**ASSIGNMENT:** Using the records below, repeat exactly the lines from the one holding "楽天市場 ミッキーマウスの木 オクナ" through the one holding "Mt Hood from Six Peaks Winery", both ends included, and no others.

**RECORDS TO USE:**

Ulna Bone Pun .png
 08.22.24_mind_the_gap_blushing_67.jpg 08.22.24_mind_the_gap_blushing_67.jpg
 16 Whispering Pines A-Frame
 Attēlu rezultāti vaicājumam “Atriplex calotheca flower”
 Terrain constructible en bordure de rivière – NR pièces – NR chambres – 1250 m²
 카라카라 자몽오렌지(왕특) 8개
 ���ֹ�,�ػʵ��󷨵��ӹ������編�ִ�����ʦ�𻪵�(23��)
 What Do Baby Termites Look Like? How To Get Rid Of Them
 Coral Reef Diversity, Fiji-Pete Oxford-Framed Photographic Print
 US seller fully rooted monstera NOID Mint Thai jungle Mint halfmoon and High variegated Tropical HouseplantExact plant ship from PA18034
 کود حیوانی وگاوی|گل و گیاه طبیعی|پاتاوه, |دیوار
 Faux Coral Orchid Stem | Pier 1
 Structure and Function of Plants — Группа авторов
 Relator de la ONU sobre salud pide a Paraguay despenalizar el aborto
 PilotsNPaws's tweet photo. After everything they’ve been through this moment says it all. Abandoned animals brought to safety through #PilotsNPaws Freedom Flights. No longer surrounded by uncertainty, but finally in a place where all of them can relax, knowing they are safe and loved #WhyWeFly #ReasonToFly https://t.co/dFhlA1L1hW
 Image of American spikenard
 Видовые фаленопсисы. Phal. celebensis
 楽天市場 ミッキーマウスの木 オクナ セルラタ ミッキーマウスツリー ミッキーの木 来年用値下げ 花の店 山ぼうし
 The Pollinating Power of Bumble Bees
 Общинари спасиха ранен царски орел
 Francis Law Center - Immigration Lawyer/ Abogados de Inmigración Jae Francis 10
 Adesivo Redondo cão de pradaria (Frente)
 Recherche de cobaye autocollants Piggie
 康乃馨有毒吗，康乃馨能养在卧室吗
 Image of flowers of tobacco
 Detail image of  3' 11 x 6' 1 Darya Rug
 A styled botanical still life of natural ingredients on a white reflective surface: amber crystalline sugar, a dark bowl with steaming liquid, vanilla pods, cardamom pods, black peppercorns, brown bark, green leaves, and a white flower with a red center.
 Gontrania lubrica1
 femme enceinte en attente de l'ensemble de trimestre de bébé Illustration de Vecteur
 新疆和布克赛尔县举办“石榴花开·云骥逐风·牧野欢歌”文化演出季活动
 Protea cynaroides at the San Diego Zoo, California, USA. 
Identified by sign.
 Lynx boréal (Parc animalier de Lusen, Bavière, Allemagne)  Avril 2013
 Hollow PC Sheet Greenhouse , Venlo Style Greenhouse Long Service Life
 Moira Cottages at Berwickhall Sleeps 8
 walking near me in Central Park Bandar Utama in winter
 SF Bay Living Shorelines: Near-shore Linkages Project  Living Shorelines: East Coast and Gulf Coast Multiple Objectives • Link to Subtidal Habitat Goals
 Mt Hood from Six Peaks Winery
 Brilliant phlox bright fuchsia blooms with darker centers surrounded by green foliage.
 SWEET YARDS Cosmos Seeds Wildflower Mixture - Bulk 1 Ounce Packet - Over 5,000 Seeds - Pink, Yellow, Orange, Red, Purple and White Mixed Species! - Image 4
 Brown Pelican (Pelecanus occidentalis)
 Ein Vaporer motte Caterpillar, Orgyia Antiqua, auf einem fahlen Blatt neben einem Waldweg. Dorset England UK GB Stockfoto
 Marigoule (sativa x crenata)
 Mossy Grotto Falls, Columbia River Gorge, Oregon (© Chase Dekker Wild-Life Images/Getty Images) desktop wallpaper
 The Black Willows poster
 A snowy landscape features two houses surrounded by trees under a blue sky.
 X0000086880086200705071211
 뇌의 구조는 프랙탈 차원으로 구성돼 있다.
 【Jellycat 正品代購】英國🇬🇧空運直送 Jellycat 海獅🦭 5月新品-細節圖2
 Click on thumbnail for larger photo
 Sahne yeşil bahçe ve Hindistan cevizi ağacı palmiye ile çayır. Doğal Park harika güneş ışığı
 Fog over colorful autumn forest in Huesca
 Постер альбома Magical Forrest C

**TASK RESPONSE:**
 楽天市場 ミッキーマウスの木 オクナ セルラタ ミッキーマウスツリー ミッキーの木 来年用値下げ 花の店 山ぼうし
 The Pollinating Power of Bumble Bees
 Общинари спасиха ранен царски орел
 Francis Law Center - Immigration Lawyer/ Abogados de Inmigración Jae Francis 10
 Adesivo Redondo cão de pradaria (Frente)
 Recherche de cobaye autocollants Piggie
 康乃馨有毒吗，康乃馨能养在卧室吗
 Image of flowers of tobacco
 Detail image of  3' 11 x 6' 1 Darya Rug
 A styled botanical still life of natural ingredients on a white reflective surface: amber crystalline sugar, a dark bowl with steaming liquid, vanilla pods, cardamom pods, black peppercorns, brown bark, green leaves, and a white flower with a red center.
 Gontrania lubrica1
 femme enceinte en attente de l'ensemble de trimestre de bébé Illustration de Vecteur
 新疆和布克赛尔县举办“石榴花开·云骥逐风·牧野欢歌”文化演出季活动
 Protea cynaroides at the San Diego Zoo, California, USA. 
Identified by sign.
 Lynx boréal (Parc animalier de Lusen, Bavière, Allemagne)  Avril 2013
 Hollow PC Sheet Greenhouse , Venlo Style Greenhouse Long Service Life
 Moira Cottages at Berwickhall Sleeps 8
 walking near me in Central Park Bandar Utama in winter
 SF Bay Living Shorelines: Near-shore Linkages Project  Living Shorelines: East Coast and Gulf Coast Multiple Objectives • Link to Subtidal Habitat Goals
 Mt Hood from Six Peaks Winery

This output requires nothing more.